NEW YORK -- New Jersey Devils left winger Brian Rolston had that look in his eye.
The look like he wanted an opportunity. An opportunity to play hero.
Interim coach Jacques Lemaire noticed it, too.
But for the first five rounds of Sunday’s shootout against the New York Islanders, Lemaire turned the other way and elected to go with someone else.
Finally, though, in dire need of someone to step up and deliver another heart-stopping victory, Lemaire called on Rolston.
It was about time.
Rolston’s skate-off shootout goal in the sixth round gave the Devils their fourth straight win, 3-2, over the Islanders at Nassau Coliseum. New Jersey is now 12-1-1 in its last 14 one-goal games.
“Rollie was standing up. He wasn’t sitting. He was looking at me a lot. I knew he wanted to go,” said Lemaire, whose team has now won 12 of its last 13 games and 20 of its last 24. “I’m glad that when he went he scored.”
Rolston, who also scored his 12th goal of the season in regulation, ended the game after he deked Islanders goaltender Al Montoya forehand, then hesitated a bit before finishing on the same side with a wrister.
Afterward, as he was going toward the bench to receive congratulations from his elated teammates, Rolston pointed toward Lemaire, giving him another look as if to say, “I told you so.”
“Of course I wanted to go,” Rolston said. “I haven’t been used in that too much since I’ve been here, but I was ready. I wanted to go. Absolutely.”
Rolston, who has become infamous for his scorching slap shot, thought about blasting one from in between the hashes as he moved in on Montoya. But he decided against it.
“I gave it a bit of a thought,” Rolston staid. “But [Montoya] was moving really well to the backhand side, so I thought I’d deke and go forehand on him. And I just froze him enough. It was a good win to get. Marty [Martin Brodeur] was awesome to put us in that position.”
Awesome sounds about right when it comes to describing Brodeur’s effort. The 38-year-old goaltender stopped five of the six shots he faced in the shootout after making 20 saves in regulation and overtime.
Had he not stretched out to rob defenseman Jack Hillen with a glove save late in the extra session, the game would’ve never made it to overtime.
Of course, had Rolston not scored in the sixth round, the shootout may have never ended.
“It’s been a long time,” Lemaire said. “I don’t recall seeing him making this move. Maybe on his right on the left. But not this one.”
Rolston was asked what he was thinking about when he was skating in on Montoya.
“Nothing. That’s the key,” Rolston said. “Nothing’s going through your head. Everybody plays best when you’re not thinking.”
Rolston now has five goals in his last 10 games, and he’s looking a whole lot like a top-line player; certainly not the same player who was placed on re-entry waivers twice in December, only to go unclaimed both times.

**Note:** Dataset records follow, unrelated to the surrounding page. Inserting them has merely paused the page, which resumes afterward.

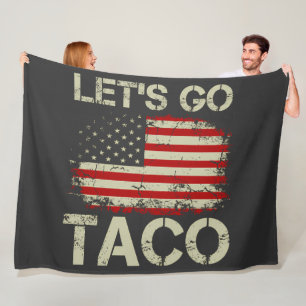 Trump Always Chickens Out Let's Go Taco Fleece Blanket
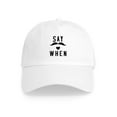 thumbnail image 1 of CafePress - Say When Cap - Adjustable 100% Brushed Unisex Casual Cotton Baseball Cap, Beige, 1, 1 of 2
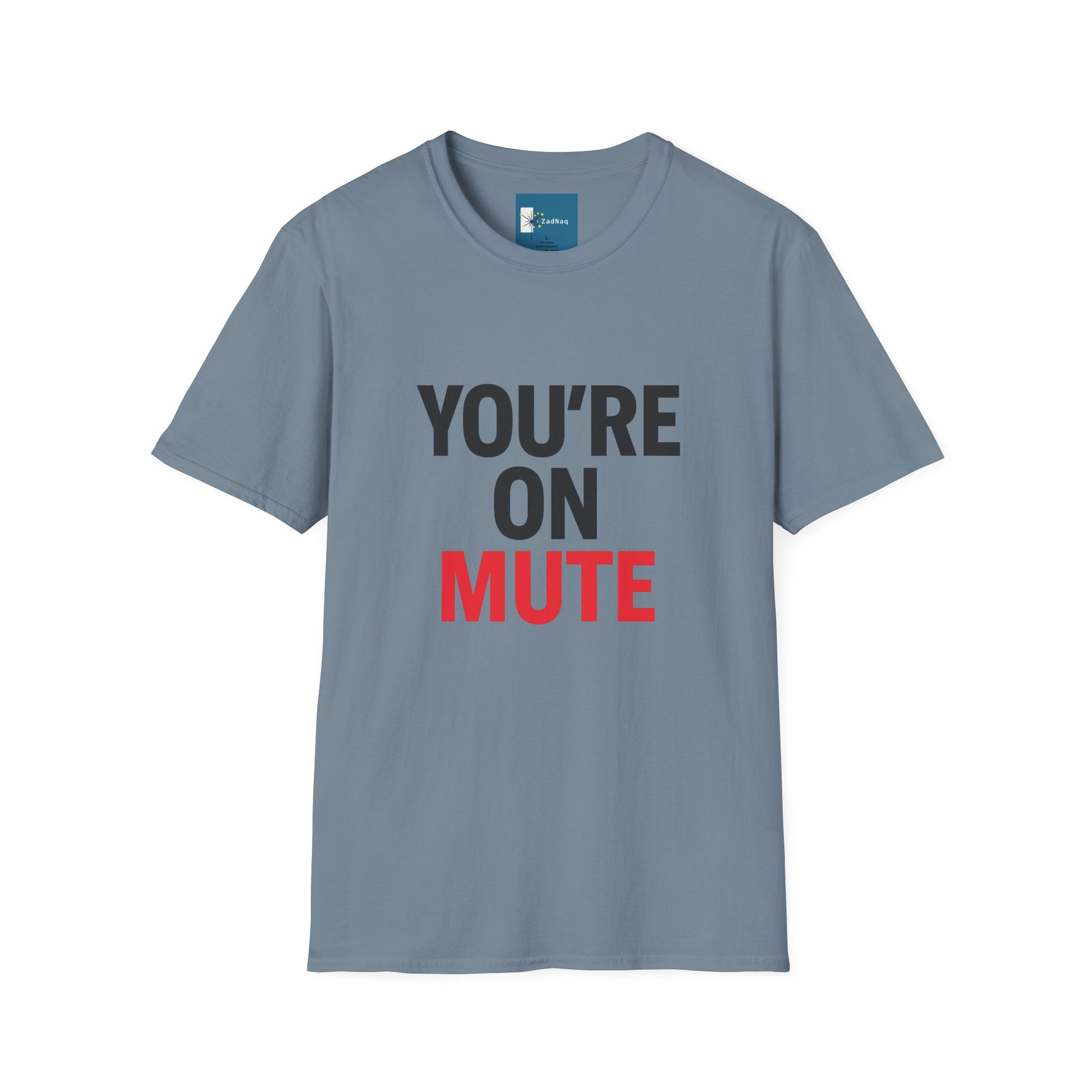 Funny Remote Work T-Shirt - YOU'RE ON MUTE
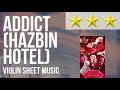 Violin Sheet Music How To Play ADDICT HAZBIN HOTEL By Silva Hound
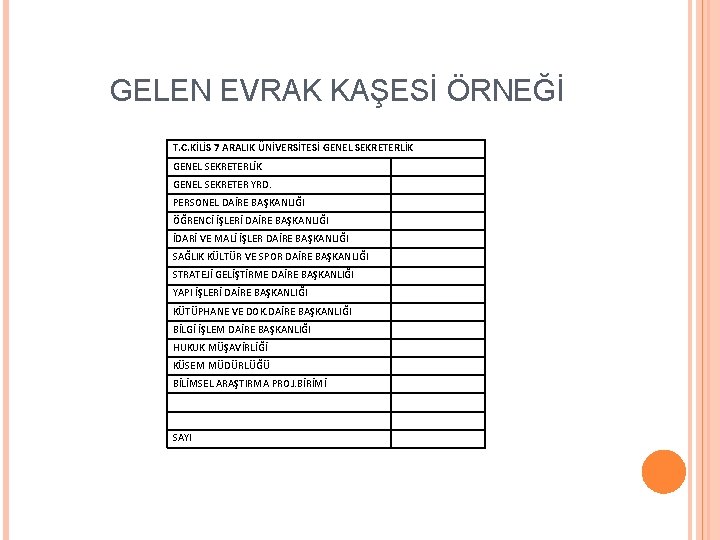 GELEN EVRAK KAŞESİ ÖRNEĞİ T. C. KİLİS 7 ARALIK ÜNİVERSİTESİ GENEL SEKRETERLİK GENEL SEKRETER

“At the time, I didn’t feel like I was playing my best hockey for sure, but I also felt like I hadn’t been given a chance. In the back of my mind I knew I still had it,” Rolston said. “I just needed a little more opportunity. And when I came back, I was given that opportunity. That’s the difference.”
The Devils are now seven points out of a playoff spot with 17 games remaining, but Rolston isn’t ready to look at the big picture just yet.
“We’re not even .500 right now,” Rolston said. “We have a long way to go. And we have to win every game. We’ve had some heroic wins here in the last few games.”
They have. And that trend continued Sunday because of Rolston.